» WHAT TO PRODUCE:
Copy exactly the lines of the records below, starting at the line that contains "Animal Theme Faux" and continuing through the last line, both included; omit any pictures.

» DATA SECTION:
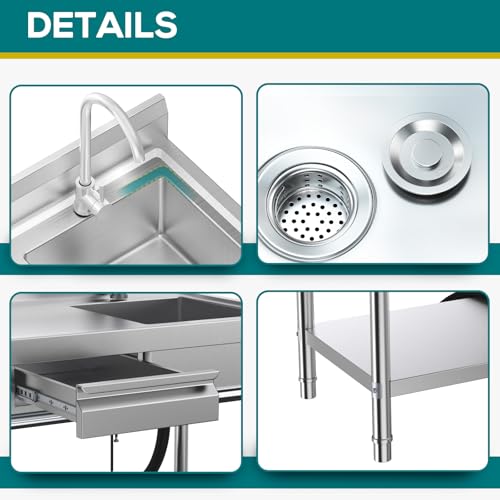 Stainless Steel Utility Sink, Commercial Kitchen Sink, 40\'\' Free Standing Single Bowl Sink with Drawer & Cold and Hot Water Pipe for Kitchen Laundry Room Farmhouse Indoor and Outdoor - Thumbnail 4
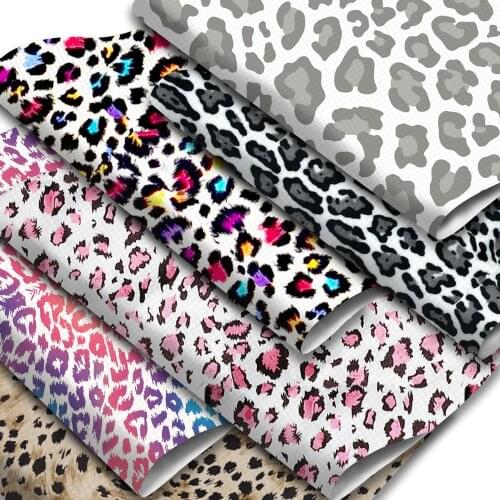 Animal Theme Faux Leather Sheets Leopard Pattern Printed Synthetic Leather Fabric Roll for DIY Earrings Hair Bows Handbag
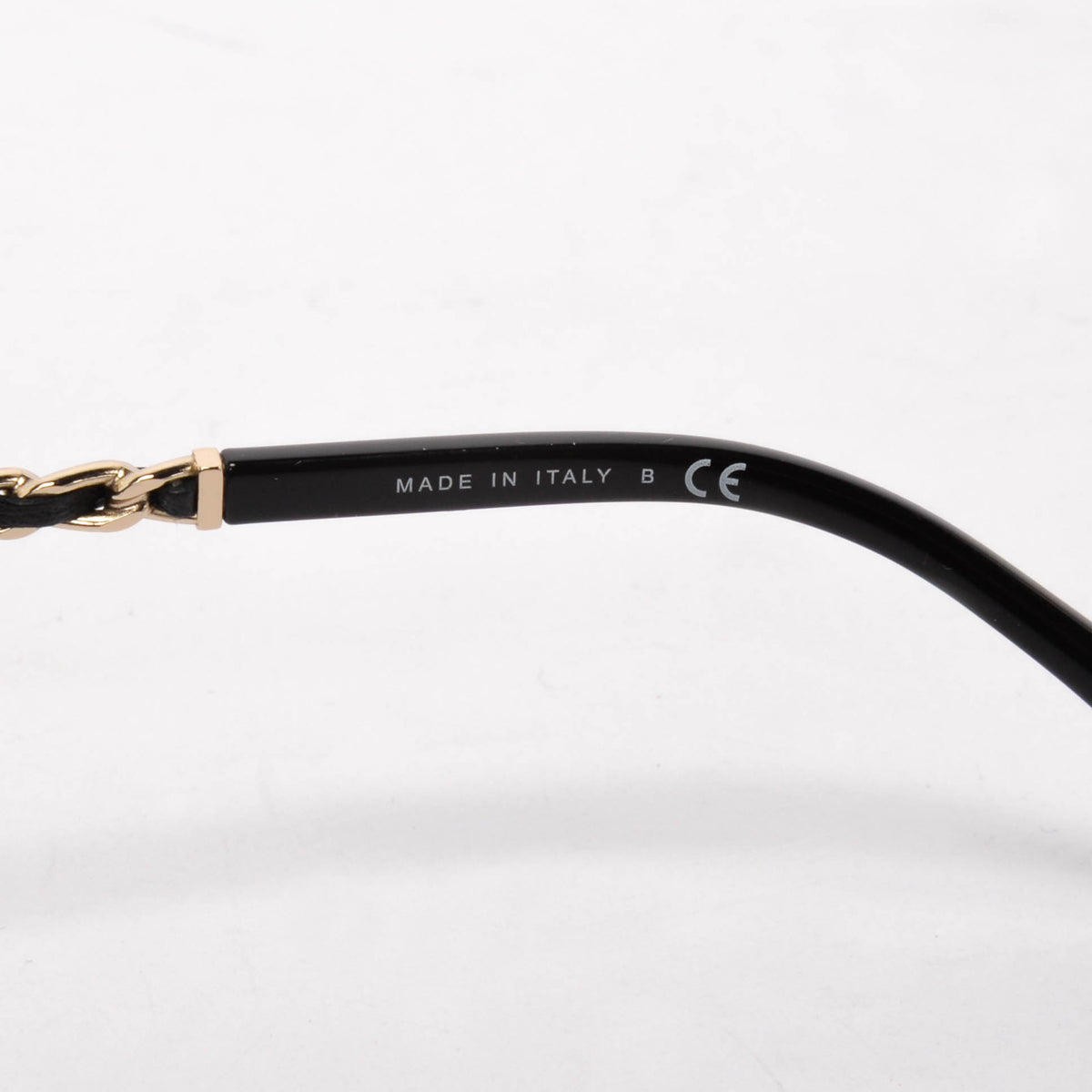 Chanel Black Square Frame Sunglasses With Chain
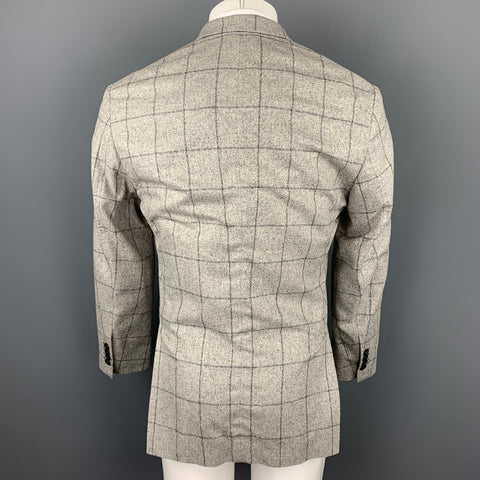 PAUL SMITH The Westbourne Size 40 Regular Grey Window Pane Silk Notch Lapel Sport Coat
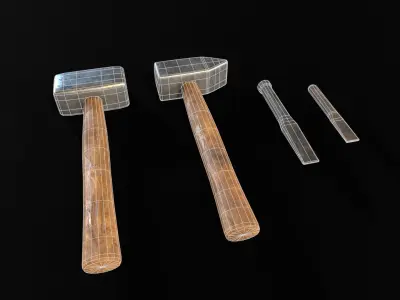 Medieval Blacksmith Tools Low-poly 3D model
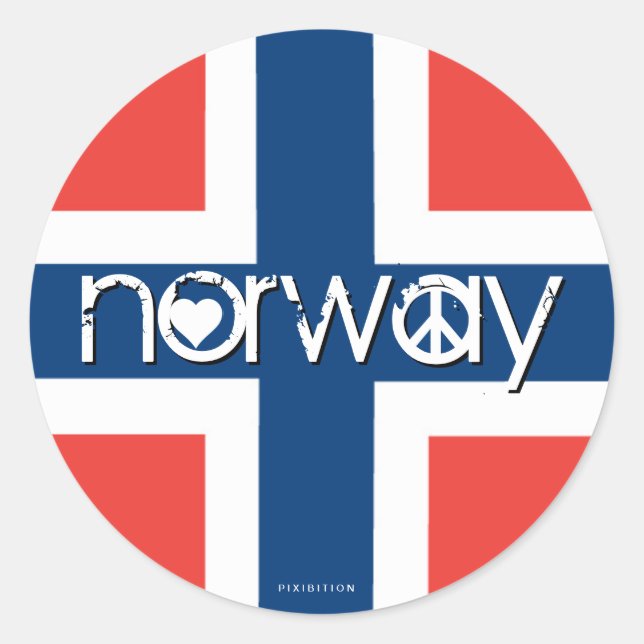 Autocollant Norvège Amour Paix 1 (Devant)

» SOLUTION FOR THIS PROBLEM:
 Animal Theme Faux Leather Sheets Leopard Pattern Printed Synthetic Leather Fabric Roll for DIY Earrings Hair Bows Handbag
 Chanel Black Square Frame Sunglasses With Chain
 PAUL SMITH The Westbourne Size 40 Regular Grey Window Pane Silk Notch Lapel Sport Coat
 Medieval Blacksmith Tools Low-poly 3D model
 Autocollant Norvège Amour Paix 1 (Devant)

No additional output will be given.